COME BUTTARE IN VACCA LA VERA STORIA DELL’ORSO COCAINOMANE

Qualche anno fa un cargo si liberò di un imponente carico di cocaina nella acque della Guinea Bissau. La droga spiaggiò nei pressi di un villaggio rurale, dove i ragazzi – non conoscendo quella strana polvere bianca – ci fecero le righe di un campo da calcio, fino a che la Polizia se ne accorse dando un’occhiata agli avanzi e sequestrò tutto. Fine della storia.

Nel 1985 l’aereo di un narcotrafficante braccato da mandato internazionale, tale Andrew Thornton, scaricò la merce in volo sulla foresta di Chattahoochee, in Georgia, prima di gettarsi dal piccolo aereo con un paracadute che però non si aprì: il cadavere del fuorilegge venne trovato in un vialetto di Knoxville, nel Tennessee, con addosso 35 kg di cocaina e tantissime armi. Fine della storia.

Due mesi dopo i rangers scoprirono un altro cadavere, nella foresta Chattahooche: quello di un orso di 80 chili. Era stato ucciso da un’overdose di oltre 30 chili di coca, di cui aveva fatto man bassa squartando i contenitori rinvenuti nei pressi: erano quelli scaricati dall’aereo di Thornoton. Fine della… No, no, stavolta no!

Quale fine della storia? E’ diventata invece uno splendido soggetto per un kolossal. Menti cinematografiche assai evolute hanno buttato giù la sceneggiatura ed ecco che negli USA è uscito il film, “Cocaine bear” (“L’orso di cocaina”), che la ridanciana stampa americana ha subito ribattezzato “Escobear”, giocando sul più famoso narcotrafficante della storia, Pablo Escobar, e sulla parola “bear” (“orso”). Trasformando così la povera bestia da vittima a killer efferato.
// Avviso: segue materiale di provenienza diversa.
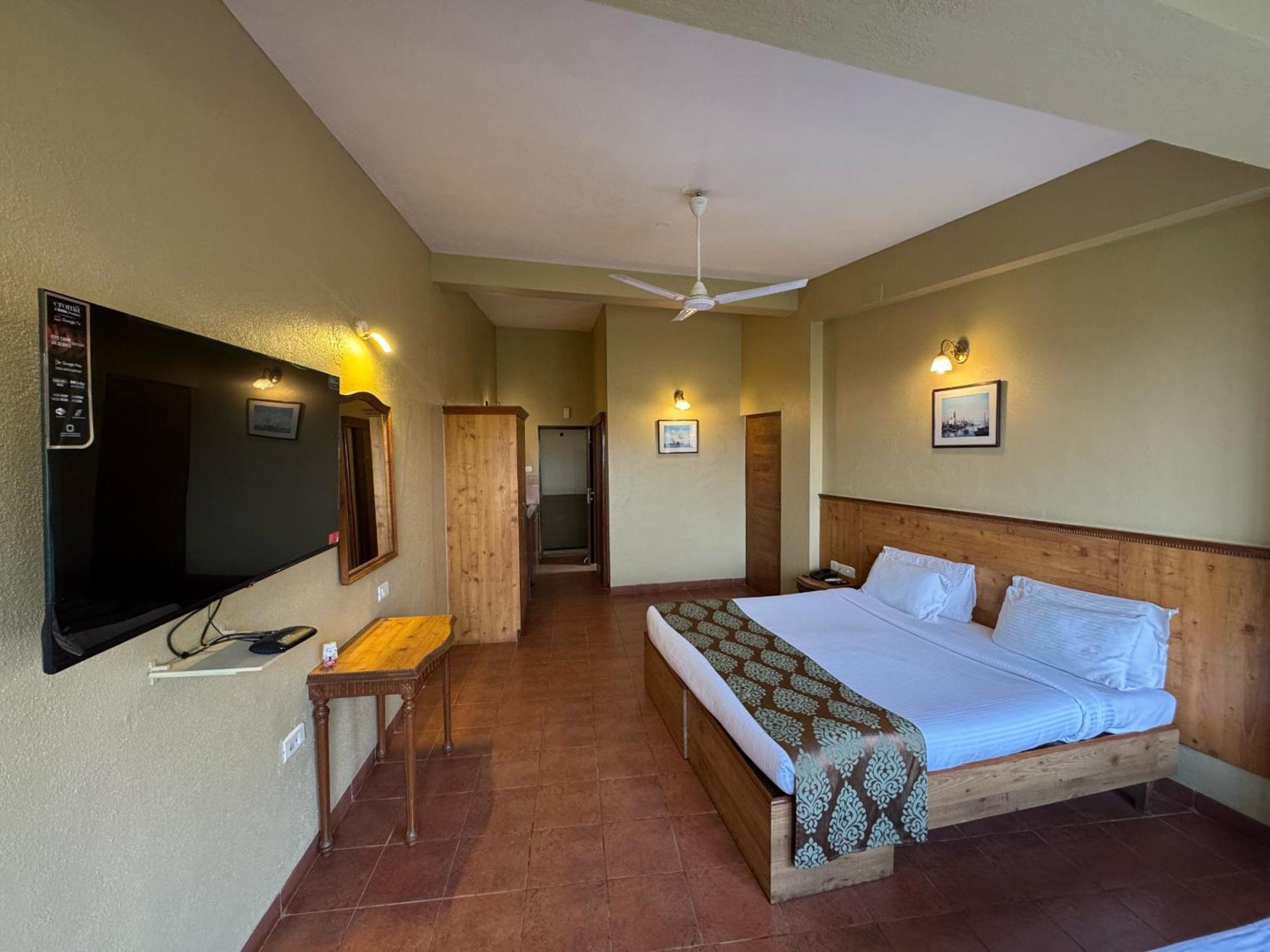 Upper Deck Resort - Stay And Relax At The Highest Peak Лонавала Экстерьер фото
Non è questa però la stortura che colpisce. Il genere della pellicola è definito “humor horror”, comicità raccapricciante. Non è dato sapere se lo scopo di rifilarci, anzi spacciarci un tale prodotto (in Italia uscirà ad aprile) sia educativo (“Guardate i danni che provoca la polvere bianca”) o semplicemente demenziale. Al contrario di quanto avviene nel film, l’orso non era diventato particolarmente aggressivo né aveva ammazzato nessuno. Il suo corpo venne imbalsamato e oggi si trova in un negozio di souvenir di Lexington, in Kentucky, dove gli è stato messo un cappellino. Lo sceneggiatore Jimmy Warden ha ammesso di aver tratto ispirazione solo lontanamente dalla storia vera di “Escobear” e che tutto il resto è sostanzialmente frutto della sua “fantasia contorta su ciò che vorrei accadesse veramente se un orso si facesse di tutta quella cocaina”.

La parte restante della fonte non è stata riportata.